Spetta alla danza il terzo dei quattro spettacoli in locandina proposti dalla prima edizione del San Carlo Opera Festival per le sere d’estate 2014, iniziativa non giocata in esterna ma, grazie al recente impianto di climatizzazione, direttamente varata sul palcoscenico del Lirico di Napoli. Dopo le ombre e le luci sul doppio appuntamento con la lirica firmata dalla regia con lancio sparso di petali e fiori “à la Bausch” di Pippo Delbono – tornato al Lirico napoletano per la già vista Cavalleria rusticana di Mascagni di cui stavolta si sono salvati giusto il bravo Jordi Bernàcer sul podio e il tenore di tempra nobilissima Rafael Davila, quindi un Delbono regista-attore fischiato per le sue inopportune intrusioni nella nuova Madama Butterfly di cui invece va premiata la pulizia dell’immagine, la musicalissima direzione di Nicola Luisotti e le voci veramente belle di Raffaella Angeletti (nel ruolo del titolo) e di Anna Pennisi (Suzuki) – si riprende a cinque anni dall’esordio partenopeo all’Arena Flegrea il balletto Zorba il greco di Lorca Massine, nei giorni 18, 27 luglio e primo agosto (ore 21) con le scene di Nicola Rubertelli e i costumi di Giusi Giustino. Nel luglio del 2009 lo danzarono, nei ruoli di punta, Hany Hassan, étoile ospite dell’Opera del Cairo, Giuseppe Picone, Alessandro Macario, Giovanna Spalice e Roberta de Intinis. Stavolta, nello spettacolo rimontato con tagli e ritocchi dallo stesso Massine, al cui fianco ha lavorato anche Irina Kolioumpakina Akrioti in qualità di maître de ballet, ci sono il cileno Rodrigo Guzmàn (Zorba) e il napoletano Alessandro Macario (John), più la Compagnia di Balletto attualmente senza vertice ma radicalmente rinnovata, l’Orchestra e il Coro del San Carlo diretti da Mikhail Agrest, bacchetta già impiegata lo scorso settembre per il Lago dei cigni.

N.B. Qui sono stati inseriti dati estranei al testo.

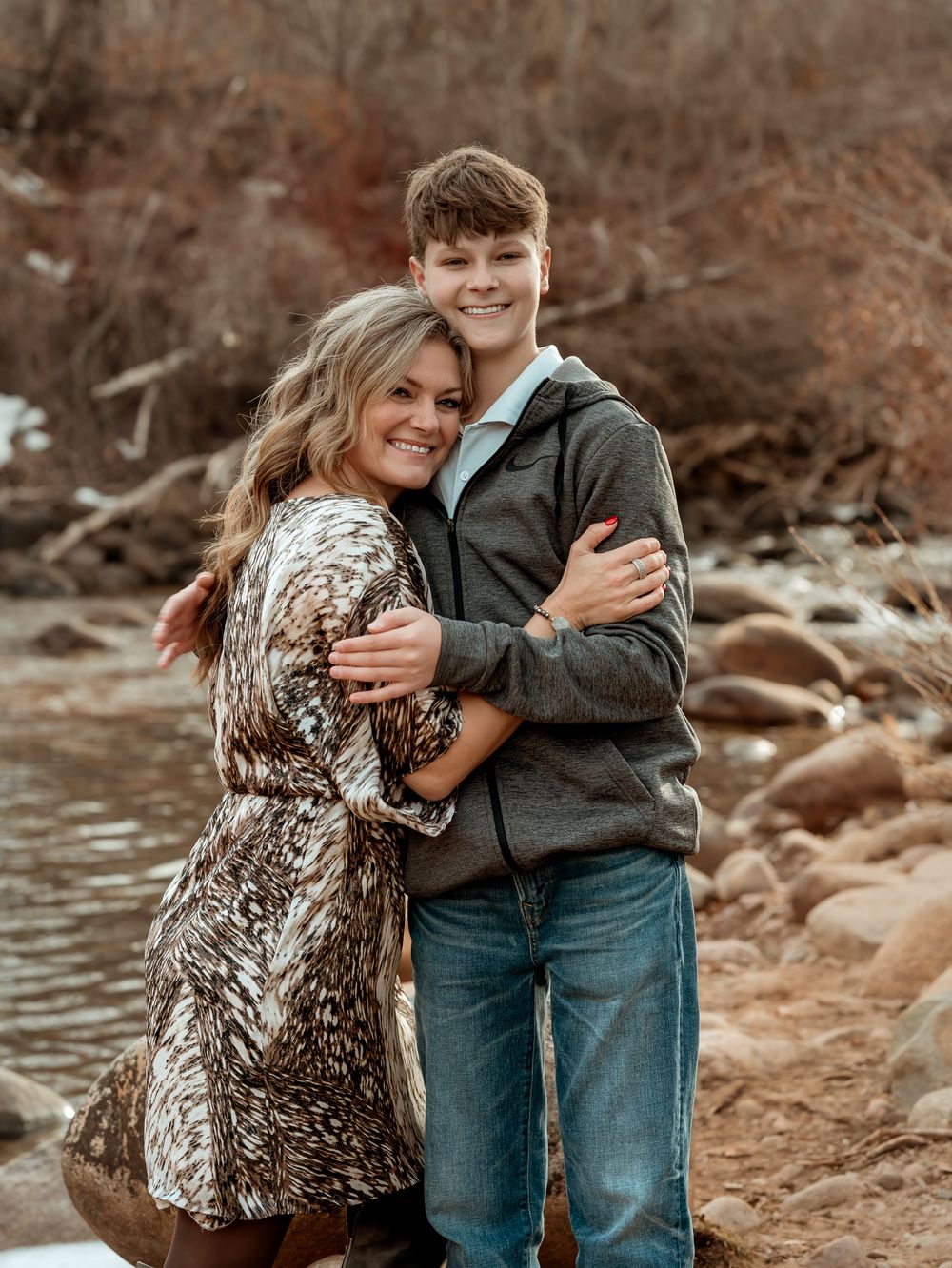 Candid moments captured by a river with rocks and autumn foliage in the background.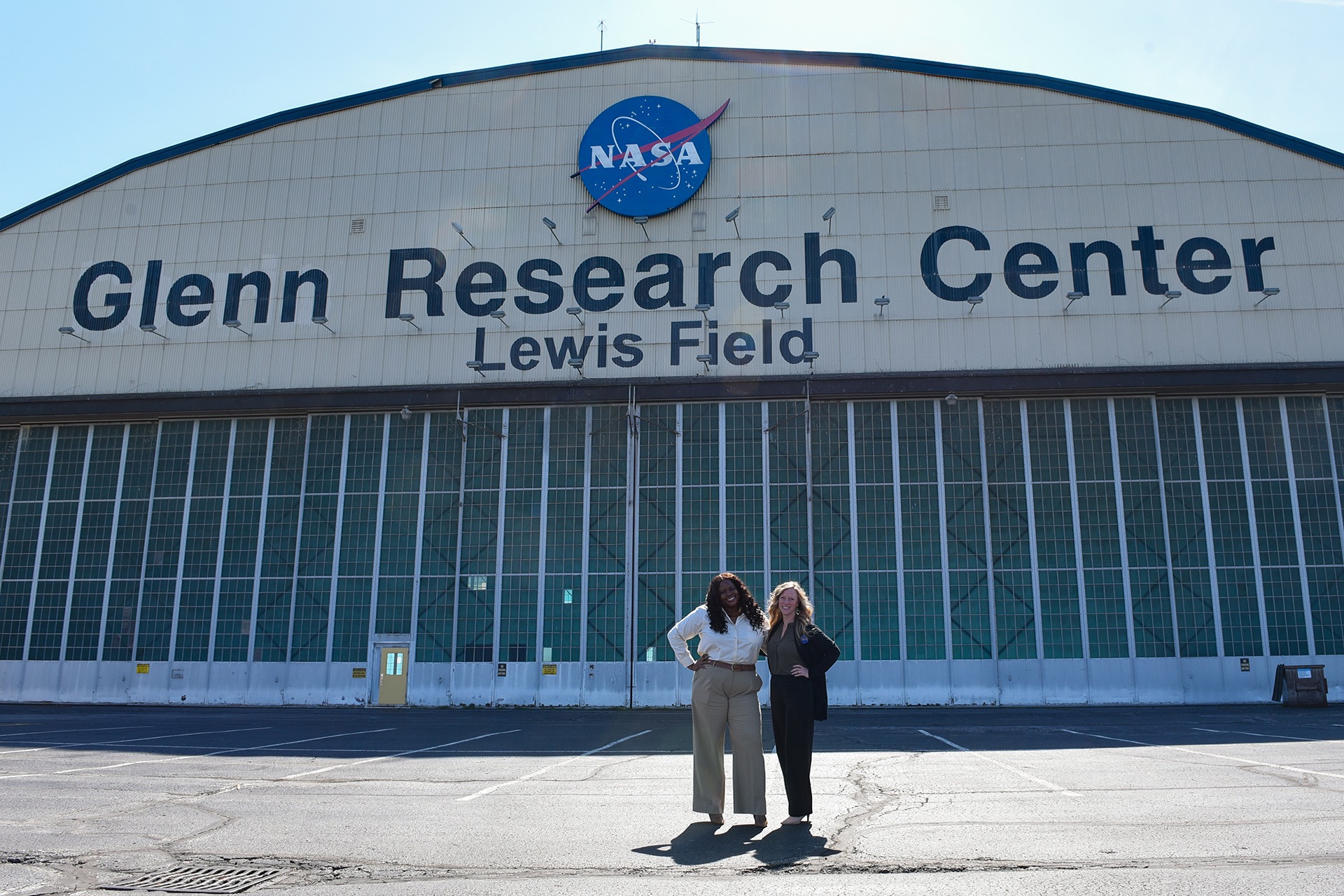 Two people pose in front of a building at the NASA Glenn Research Center.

Zorba il greco al Teatro San Carlo (foto di Luciano Romano)
Zorba il greco al Teatro San Carlo (foto di Luciano Romano)

Ferme restano, invece, l’essenza e la storia del fortunato lavoro coreutico nato nel 1988 traendo ispirazione dalla medesima storia scritta dal nietzschiano Nikos Kazantzakis e da cui già era nato, nel 1964, il celebre film di Michel Cacoyannis con Anthony Quinn e Irene Papas, musiche di Mikis Theodorakis e sirtaki in prima linea  che, nel balletto di Massine, diventano cardine della stessa creazione.

Lorca Massine al Teatro San Carlo (foto di Luciano Romano)
Lorca Massine al Teatro San Carlo (foto di Luciano Romano)

«Nella danza di Zorba – spiega infatti nell’occasione Lorca Massine – sono come sintetizzate le diverse angolazioni del libro di Kazantzakis: radici culturali arcaiche e identità folclorica, tradizione e innovazione, slancio verso la libertà, energia pura. Una danza – prosegue il coreografo figlio del mitico Lèonide – fisica e potente, che assegna al protagonista del titolo il ruolo di messaggero, filtro di Diòniso». Il fortunato lavoro del coreografo newyorkese, è noto, narra sullo sfondo di una Grecia senza tempo la vicenda di Zorba, uomo libero, portatore di una saggezza antica, e di John, l’americano che, giunto in Grecia, cerca di comprenderne il modo di vivere e di pensare. I due si legano da profonda amicizia. Amicizia in cui Zorba è, per John, come un maestro da cui apprendere il significato liberatorio della danza e la spensieratezza di una vita libera da costrizioni. Affronteranno situazioni complicate e dolorose, ma le risolveranno con forza, attraverso l’energia di una danza che è climax ed armonia corale.

Al centro, dunque, una sfida dionisiaca che non è troppo distante dalla stessa poetica d’arte di Lorca Massine: «Come mio padre, uomo difficile – racconta – non ho mai amato i riferimenti assoluti, ma l’apertura verso ogni forma d’arte e i tanti interessi come la lettura e il mondo che cambia, magari anche per tornare al caos. Lui è stato un neoclassico, attratto dall’azione più che dalla dottrina o dal concetto. Io ne ho appreso la flessibilità, senz’altro anche la disciplina, in lui rigorosissima. Da qui l’idea – prosegue il coreografo sposato quattro volte, con quattro figli e vari nipoti – di un teatro luogo della speranza, pronto sempre a voltar pagina e in grado di far sognare. In fondo la danza, così come ci raccontano Diòniso e Zorba, non è che movimento, volontà di potenza: vale a dire, energia della vita».